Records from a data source

........

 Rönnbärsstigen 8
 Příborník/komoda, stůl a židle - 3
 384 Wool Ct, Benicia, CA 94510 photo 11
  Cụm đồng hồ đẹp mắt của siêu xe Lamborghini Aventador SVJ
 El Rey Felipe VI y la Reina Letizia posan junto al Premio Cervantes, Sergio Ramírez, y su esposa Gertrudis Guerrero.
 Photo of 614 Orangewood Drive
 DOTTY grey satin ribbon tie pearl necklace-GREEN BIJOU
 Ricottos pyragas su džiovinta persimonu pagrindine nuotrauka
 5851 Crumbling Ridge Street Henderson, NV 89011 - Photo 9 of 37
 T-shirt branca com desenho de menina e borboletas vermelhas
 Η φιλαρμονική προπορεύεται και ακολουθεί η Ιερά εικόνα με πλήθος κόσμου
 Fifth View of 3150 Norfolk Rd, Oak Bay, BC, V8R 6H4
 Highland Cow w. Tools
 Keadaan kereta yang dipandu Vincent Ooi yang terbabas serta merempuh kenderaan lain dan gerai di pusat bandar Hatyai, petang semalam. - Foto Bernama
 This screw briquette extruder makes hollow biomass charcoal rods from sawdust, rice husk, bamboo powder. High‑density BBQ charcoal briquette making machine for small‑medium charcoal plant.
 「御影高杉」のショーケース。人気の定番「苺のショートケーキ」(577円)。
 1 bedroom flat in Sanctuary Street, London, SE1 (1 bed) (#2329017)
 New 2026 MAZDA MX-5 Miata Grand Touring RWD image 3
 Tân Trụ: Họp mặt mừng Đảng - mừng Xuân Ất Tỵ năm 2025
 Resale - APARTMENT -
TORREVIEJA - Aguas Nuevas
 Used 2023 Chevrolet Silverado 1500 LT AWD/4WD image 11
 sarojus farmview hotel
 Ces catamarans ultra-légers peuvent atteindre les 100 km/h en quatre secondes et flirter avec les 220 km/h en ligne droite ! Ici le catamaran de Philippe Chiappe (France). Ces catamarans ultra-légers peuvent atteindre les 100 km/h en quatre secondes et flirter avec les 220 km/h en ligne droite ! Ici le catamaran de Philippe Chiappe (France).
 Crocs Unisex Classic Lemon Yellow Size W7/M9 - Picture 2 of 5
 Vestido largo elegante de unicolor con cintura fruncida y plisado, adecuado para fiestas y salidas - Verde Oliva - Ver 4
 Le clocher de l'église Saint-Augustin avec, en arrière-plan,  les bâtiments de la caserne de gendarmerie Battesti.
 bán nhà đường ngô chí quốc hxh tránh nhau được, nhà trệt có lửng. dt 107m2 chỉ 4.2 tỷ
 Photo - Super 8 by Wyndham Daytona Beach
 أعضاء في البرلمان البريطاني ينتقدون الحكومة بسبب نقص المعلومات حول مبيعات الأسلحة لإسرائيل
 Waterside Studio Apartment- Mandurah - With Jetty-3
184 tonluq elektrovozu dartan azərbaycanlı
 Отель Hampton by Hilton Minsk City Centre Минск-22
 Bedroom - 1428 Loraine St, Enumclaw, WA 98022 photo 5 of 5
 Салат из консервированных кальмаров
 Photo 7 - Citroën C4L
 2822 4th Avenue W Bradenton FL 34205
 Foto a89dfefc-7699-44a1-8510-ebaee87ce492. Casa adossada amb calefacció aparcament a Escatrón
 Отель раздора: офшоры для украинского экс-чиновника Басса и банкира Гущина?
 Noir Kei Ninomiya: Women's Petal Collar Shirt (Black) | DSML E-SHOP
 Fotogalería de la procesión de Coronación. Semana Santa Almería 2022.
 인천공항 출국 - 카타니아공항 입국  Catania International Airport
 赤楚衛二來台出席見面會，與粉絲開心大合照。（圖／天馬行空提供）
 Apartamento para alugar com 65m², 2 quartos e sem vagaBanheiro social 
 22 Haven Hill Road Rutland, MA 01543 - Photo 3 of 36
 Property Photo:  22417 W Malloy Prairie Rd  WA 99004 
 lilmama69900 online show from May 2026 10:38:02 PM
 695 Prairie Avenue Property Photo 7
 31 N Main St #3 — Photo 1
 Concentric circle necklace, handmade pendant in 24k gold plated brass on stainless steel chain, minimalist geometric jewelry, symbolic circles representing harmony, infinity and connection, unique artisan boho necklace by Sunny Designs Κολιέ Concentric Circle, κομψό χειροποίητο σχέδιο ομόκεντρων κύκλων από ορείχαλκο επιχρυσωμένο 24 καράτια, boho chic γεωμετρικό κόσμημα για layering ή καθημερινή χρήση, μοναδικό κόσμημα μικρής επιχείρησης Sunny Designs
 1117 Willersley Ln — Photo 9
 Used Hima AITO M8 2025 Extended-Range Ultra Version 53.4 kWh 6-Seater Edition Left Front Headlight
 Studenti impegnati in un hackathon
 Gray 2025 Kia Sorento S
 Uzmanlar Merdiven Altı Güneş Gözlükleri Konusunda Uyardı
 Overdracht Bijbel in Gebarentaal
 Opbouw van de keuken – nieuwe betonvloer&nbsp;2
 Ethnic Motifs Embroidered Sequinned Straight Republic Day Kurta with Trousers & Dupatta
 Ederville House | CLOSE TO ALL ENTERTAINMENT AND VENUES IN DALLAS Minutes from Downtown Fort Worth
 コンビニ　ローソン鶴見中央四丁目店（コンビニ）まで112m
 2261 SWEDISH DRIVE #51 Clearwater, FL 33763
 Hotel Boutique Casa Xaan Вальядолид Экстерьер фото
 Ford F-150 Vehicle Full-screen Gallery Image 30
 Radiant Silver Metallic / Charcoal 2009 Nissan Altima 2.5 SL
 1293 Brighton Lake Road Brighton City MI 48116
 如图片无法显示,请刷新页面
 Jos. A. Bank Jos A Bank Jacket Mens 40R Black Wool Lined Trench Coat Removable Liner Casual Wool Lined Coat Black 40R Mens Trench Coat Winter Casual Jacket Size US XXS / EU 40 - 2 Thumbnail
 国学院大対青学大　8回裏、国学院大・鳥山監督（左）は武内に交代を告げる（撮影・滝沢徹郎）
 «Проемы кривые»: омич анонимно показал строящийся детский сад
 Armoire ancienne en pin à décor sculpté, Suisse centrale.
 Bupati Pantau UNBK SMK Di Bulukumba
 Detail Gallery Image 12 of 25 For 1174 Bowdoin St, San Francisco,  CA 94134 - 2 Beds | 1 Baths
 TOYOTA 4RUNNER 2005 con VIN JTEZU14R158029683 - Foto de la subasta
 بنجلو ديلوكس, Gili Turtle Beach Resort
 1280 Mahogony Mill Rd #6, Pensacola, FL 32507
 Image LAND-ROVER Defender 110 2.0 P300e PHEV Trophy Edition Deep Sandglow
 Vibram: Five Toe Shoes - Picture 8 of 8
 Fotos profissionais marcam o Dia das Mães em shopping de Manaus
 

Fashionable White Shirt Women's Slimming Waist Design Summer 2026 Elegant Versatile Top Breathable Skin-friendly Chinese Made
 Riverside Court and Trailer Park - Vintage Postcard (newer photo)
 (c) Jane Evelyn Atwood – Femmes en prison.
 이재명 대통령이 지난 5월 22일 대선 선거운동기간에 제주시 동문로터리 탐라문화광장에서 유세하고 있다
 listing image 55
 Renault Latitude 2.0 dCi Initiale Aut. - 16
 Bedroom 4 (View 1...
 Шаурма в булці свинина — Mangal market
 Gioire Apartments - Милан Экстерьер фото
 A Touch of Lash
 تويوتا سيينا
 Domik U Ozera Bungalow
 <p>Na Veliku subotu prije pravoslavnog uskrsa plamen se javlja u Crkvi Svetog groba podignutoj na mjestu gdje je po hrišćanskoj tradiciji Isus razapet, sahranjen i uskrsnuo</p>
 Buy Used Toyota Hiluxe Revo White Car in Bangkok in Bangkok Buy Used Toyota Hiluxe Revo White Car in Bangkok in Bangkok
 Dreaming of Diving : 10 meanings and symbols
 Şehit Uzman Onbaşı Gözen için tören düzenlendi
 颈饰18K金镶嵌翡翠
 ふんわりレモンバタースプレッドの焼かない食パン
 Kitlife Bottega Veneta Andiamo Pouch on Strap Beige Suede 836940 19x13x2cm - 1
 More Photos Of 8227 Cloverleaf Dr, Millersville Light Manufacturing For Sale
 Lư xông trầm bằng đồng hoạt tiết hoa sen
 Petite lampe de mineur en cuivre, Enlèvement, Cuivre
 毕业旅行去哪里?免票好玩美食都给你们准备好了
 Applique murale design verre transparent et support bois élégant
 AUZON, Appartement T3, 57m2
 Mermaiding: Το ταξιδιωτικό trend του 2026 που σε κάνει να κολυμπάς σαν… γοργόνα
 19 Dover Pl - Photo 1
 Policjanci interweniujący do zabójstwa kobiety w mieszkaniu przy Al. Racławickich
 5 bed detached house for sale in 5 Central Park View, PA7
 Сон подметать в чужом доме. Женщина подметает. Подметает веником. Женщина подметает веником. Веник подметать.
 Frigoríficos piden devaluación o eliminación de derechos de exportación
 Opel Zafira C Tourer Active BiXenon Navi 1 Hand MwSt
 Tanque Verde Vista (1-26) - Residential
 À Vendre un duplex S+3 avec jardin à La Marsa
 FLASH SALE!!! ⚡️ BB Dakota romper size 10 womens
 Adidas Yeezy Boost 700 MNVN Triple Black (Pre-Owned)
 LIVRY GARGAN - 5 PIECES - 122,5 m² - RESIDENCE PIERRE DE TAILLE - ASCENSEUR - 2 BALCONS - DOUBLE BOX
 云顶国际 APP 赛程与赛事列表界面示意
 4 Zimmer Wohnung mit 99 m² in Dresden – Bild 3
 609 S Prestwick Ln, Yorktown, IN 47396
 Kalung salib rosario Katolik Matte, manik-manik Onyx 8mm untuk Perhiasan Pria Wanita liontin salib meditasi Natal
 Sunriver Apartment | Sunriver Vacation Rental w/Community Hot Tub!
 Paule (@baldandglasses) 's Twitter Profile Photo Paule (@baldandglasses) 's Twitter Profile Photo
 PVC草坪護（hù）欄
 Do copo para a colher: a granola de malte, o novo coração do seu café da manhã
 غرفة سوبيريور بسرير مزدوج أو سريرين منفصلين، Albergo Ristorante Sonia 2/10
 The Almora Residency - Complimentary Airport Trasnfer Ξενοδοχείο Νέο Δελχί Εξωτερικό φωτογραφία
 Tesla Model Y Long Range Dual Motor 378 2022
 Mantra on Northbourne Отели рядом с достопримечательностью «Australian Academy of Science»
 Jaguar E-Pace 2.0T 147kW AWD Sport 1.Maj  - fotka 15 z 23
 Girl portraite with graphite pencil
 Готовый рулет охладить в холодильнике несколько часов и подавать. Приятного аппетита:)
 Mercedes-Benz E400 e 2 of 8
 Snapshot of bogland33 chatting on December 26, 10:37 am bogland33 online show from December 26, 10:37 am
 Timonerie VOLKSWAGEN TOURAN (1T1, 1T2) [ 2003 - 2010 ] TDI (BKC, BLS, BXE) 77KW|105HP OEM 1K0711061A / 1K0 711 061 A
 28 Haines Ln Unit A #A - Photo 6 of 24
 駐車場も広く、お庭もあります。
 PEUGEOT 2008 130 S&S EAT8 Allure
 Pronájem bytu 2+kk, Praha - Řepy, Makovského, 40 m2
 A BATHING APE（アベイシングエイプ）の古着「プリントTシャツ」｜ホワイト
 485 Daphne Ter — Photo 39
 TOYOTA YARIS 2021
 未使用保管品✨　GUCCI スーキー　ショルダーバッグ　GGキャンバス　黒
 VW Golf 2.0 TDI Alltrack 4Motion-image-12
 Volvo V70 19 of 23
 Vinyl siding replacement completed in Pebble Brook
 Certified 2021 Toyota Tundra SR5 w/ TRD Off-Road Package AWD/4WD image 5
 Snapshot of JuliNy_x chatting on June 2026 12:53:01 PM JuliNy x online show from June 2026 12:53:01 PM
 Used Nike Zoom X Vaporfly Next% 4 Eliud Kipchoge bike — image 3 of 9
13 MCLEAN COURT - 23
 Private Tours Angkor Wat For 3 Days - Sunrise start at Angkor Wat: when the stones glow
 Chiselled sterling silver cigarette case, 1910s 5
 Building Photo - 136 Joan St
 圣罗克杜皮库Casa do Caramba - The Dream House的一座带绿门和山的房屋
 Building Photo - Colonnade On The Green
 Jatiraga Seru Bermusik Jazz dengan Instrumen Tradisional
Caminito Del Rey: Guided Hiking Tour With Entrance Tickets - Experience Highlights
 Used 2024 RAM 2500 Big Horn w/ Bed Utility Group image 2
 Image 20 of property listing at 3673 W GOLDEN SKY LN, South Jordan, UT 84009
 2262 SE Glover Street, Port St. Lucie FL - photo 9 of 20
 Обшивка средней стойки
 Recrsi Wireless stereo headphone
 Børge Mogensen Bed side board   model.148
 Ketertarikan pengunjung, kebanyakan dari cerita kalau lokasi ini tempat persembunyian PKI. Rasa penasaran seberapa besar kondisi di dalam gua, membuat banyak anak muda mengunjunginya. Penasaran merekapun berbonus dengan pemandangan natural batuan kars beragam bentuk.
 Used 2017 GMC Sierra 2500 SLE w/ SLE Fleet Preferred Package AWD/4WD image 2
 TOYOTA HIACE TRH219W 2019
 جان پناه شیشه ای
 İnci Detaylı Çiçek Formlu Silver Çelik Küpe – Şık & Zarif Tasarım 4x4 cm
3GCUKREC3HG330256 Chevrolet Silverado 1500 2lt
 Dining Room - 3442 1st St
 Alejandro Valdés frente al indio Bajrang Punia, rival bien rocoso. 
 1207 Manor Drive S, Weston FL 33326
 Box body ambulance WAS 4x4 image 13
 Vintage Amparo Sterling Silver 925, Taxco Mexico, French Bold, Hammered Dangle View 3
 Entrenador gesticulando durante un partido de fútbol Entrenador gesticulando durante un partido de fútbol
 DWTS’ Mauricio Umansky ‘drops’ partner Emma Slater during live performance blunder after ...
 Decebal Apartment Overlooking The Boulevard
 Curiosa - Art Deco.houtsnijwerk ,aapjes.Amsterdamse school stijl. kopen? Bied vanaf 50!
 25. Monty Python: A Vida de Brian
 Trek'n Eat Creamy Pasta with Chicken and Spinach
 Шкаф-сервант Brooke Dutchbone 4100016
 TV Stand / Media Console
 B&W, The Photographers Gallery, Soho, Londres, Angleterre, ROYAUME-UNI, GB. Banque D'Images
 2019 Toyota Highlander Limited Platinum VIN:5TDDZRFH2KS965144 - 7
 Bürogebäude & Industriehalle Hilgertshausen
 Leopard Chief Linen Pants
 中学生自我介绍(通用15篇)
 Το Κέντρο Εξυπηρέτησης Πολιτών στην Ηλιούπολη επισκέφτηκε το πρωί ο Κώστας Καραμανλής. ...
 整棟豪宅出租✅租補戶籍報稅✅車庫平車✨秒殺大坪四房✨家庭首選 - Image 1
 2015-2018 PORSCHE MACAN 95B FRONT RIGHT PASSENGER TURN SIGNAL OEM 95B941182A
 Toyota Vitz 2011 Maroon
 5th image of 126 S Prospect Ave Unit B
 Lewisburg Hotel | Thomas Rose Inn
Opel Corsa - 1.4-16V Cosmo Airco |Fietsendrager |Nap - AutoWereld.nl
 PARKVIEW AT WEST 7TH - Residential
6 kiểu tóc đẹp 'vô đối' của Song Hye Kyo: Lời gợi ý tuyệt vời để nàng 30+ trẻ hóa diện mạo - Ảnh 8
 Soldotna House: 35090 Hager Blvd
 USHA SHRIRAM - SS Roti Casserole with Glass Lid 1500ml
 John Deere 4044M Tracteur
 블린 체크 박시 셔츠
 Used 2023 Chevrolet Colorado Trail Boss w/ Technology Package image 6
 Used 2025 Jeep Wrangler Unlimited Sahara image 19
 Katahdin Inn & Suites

........

**Prompt:** Start with the line above that contains "FLASH SALE!!! ⚡️" and end with the line that contains "Mercedes-Benz E400 e 2 of 8". Write out those lines exactly, and only those.

**Solution to this exercise:**
 FLASH SALE!!! ⚡️ BB Dakota romper size 10 womens
 Adidas Yeezy Boost 700 MNVN Triple Black (Pre-Owned)
 LIVRY GARGAN - 5 PIECES - 122,5 m² - RESIDENCE PIERRE DE TAILLE - ASCENSEUR - 2 BALCONS - DOUBLE BOX
 云顶国际 APP 赛程与赛事列表界面示意
 4 Zimmer Wohnung mit 99 m² in Dresden – Bild 3
 609 S Prestwick Ln, Yorktown, IN 47396
 Kalung salib rosario Katolik Matte, manik-manik Onyx 8mm untuk Perhiasan Pria Wanita liontin salib meditasi Natal
 Sunriver Apartment | Sunriver Vacation Rental w/Community Hot Tub!
 Paule (@baldandglasses) 's Twitter Profile Photo Paule (@baldandglasses) 's Twitter Profile Photo
 PVC草坪護（hù）欄
 Do copo para a colher: a granola de malte, o novo coração do seu café da manhã
 غرفة سوبيريور بسرير مزدوج أو سريرين منفصلين، Albergo Ristorante Sonia 2/10
 The Almora Residency - Complimentary Airport Trasnfer Ξενοδοχείο Νέο Δελχί Εξωτερικό φωτογραφία
 Tesla Model Y Long Range Dual Motor 378 2022
 Mantra on Northbourne Отели рядом с достопримечательностью «Australian Academy of Science»
 Jaguar E-Pace 2.0T 147kW AWD Sport 1.Maj  - fotka 15 z 23
 Girl portraite with graphite pencil
 Готовый рулет охладить в холодильнике несколько часов и подавать. Приятного аппетита:)
 Mercedes-Benz E400 e 2 of 8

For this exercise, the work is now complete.